‘A extrema direita ganhou, mas as feministas também ganharam’, afirma antropóloga na UFSC
Durante os meses de fevereiro e março deste ano, a professora e antropóloga Rosana Pinheiro-Machado, da Universidade Federal de Santa Maria (UFSM), fez uma peregrinação por 26 universidades norte-americanas para ministrar 35 conferências sobre um mesmo tema: a ascensão da extrema direita e consequente eleição de Jair Bolsonaro no Brasil. Rosana foi convidada para essa viagem aos Estados Unidos pelo Brazil Program, da San Diego State University, por causa da pesquisa etnográfica que vem realizando, juntamente com Lúcia Scalco, sobre o pensamento e comportamento político dos jovens da periferia de Porto Alegre (RS) — precisamente na zona leste, a área conhecida como Morro da Cruz.
Essa mesma conferência foi apresentada pela primeira — e provavelmente única — vez no Brasil na última segunda-feira, 25 de março, na Universidade Federal de Santa Catarina. Em um auditório lotado — com boa parte do público sentado no chão e até assistindo em pé do lado de fora —, Rosana proferiu a aula inaugural do Centro de Filosofia e Ciências Humanas (CFH/UFSC). A plateia permaneceu atenta e demonstrando grande interesse durante as quase duas horas de sua fala. Colunista do The Intercept e uma das idealizadoras da Escola Comum, a docente tem uma atuação expressiva fora da academia e já era conhecida por muitos dos presentes. Após sua longa explanação, ela sintetizou o momento político atual com palavras otimistas: “A extrema direita ganhou, mas as feministas também ganharam. O número de deputadas está crescendo e há uma nova geração de meninas que terão uma atuação fundamental para confrontar esse governo e reestabelecer a democracia e a esperança no Brasil.”
“Da esperança ao ódio”
Recebida entre aplausos e exclamações de protesto — como “Fora Bolsonaro!” e “Lula Livre!” —, Rosana manifestou sua satisfação pelo acolhimento caloroso. “Esse auditório cheio expressa a vontade e necessidade de estarmos juntos nesse momento, que é o começo de um período de quatro anos, mas que é também o momento em que cresce muito a rejeição a Bolsonaro no início do governo, o que caracteriza uma rejeição histórica. Mas como as camadas populares vieram a apoiar Bolsonaro? Como esses cidadãos de baixa renda, esses novos consumidores que simbolizavam a ascensão do Brasil como uma potência democrática global na Era Lula, como esses sujeitos passam a apoiar Bolsonaro?”
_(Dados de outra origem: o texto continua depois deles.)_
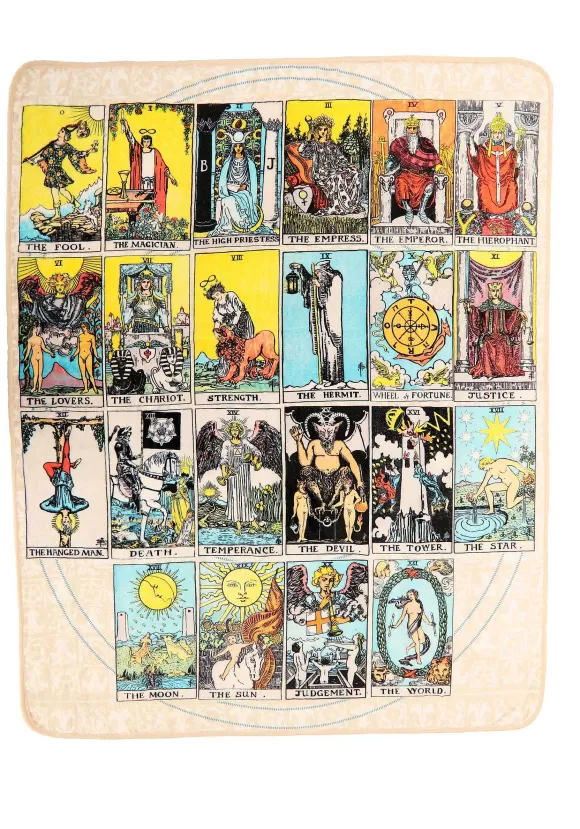 Store FUN Costumes Tarot Cards Comfy Throw Blanket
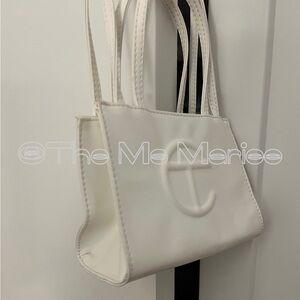 Small White Telfar Shopper Bag Gently Worn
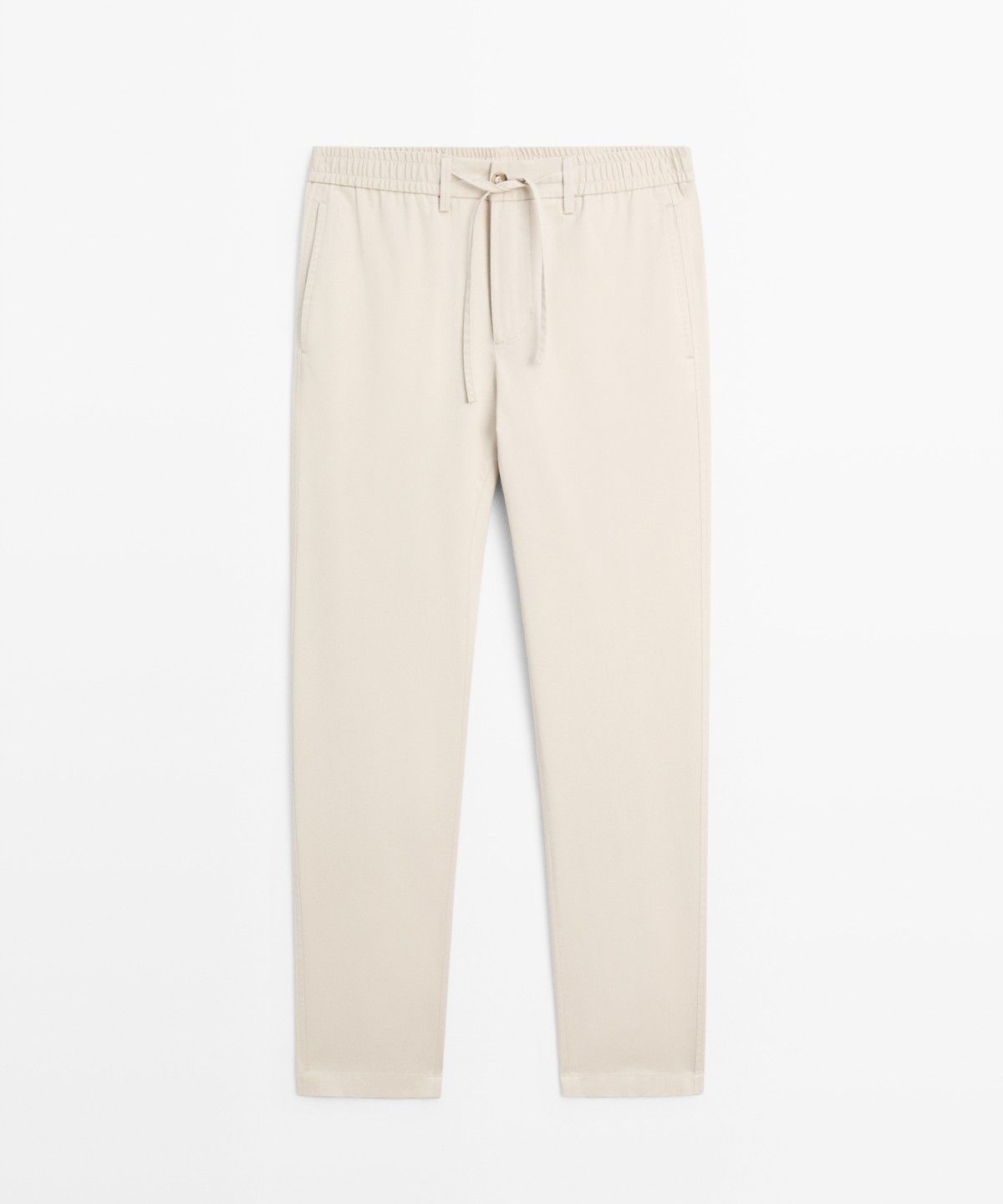 마시모두띠(MASSIMO DUTTI) 코튼 혼방 조거핏 팬츠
A partir desses questionamentos, sua pesquisa buscou apresentar um panorama da política brasileira em um intervalo de 10 anos, de 2009 a 2019, que ela define como “do lulismo ao bolsonarismo”: “Esse período é marcado pela ascensão e queda da economia, pelo colapso do sistema político e pela erosão dos partidos tradicionais. Procuramos averiguar como o cenário político e econômico nacional afetam os indivíduos e também como os grupos populares conformam cada momento político. Observamos que, após o momento de crescimento, vem o momento de crise. E essa crise vai afetar o self, o eu individual, as identidades.”
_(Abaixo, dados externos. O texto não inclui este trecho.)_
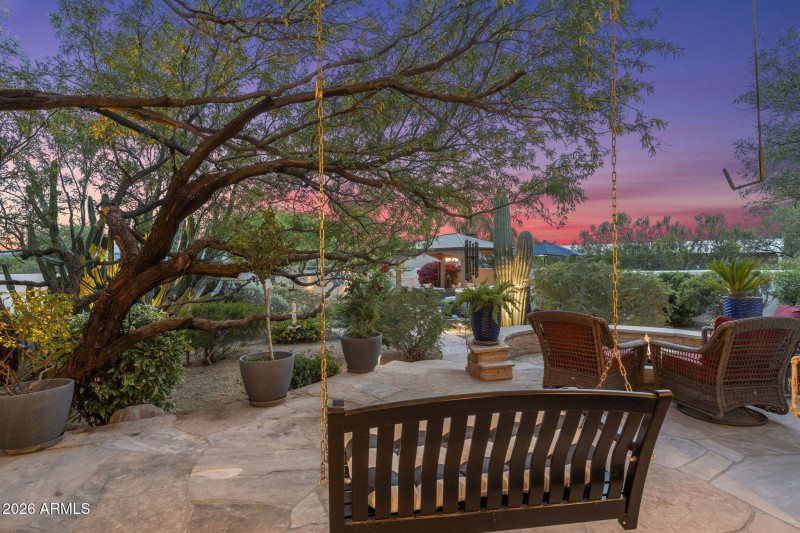 Patio with Swing
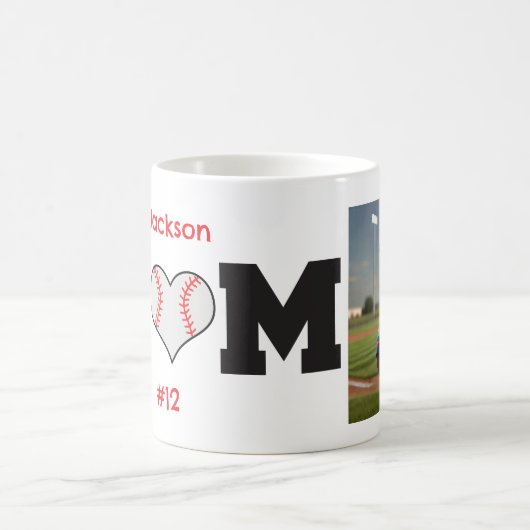 Personalisiertes Baseball-Mama-Geschenk Kaffeetasse (Mittel)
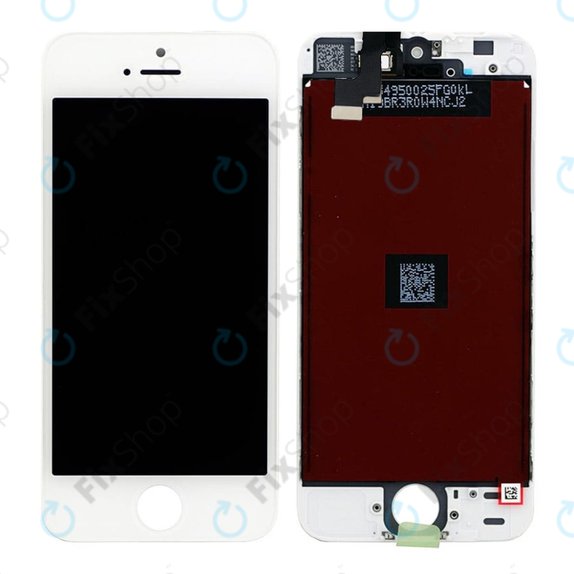 Schermo per iPhone 5S, SE, White, Vetro touch con cornice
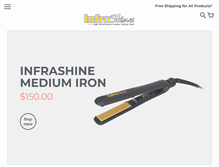 Tablet Screenshot of infrashine.com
Nesses 10 anos, Rosana observou de perto a passagem da fase de esperança e de projeção de sonhos para estados de descrença e depressão. “Vimos o alargamento dos sonhos dos sujeitos e depois o fechamento desses sonhos. Um certo momento de emergência global fez com que os indivíduos pudessem sonhar mais longe. Mas essa nossa capacidade de sonhar se amplia ou se fecha de acordo com o momento político. Fizemos um estudo etnográfico longitudinal, acompanhando os mesmos grupos de jovens antes e depois da crise econômica. E Porto Alegre é um lugar muito paradigmático para estudar a ascensão bolsonarista e da extrema direita, porque foi o berço do orçamento participativo e também tem a marca do Fórum Social Mundial. Porto Alegre era amplamente conhecida como uma cidade de esquerda. Mas em 2018 Bolsonaro ganhou em todos os bairros da cidade, inclusive nos menos favorecidos. É muito significativo que ele tenha conseguido se eleger no lugar onde nasceu um modelo de orçamento participativo que se tornou referência para o mundo todo na década de 1980.”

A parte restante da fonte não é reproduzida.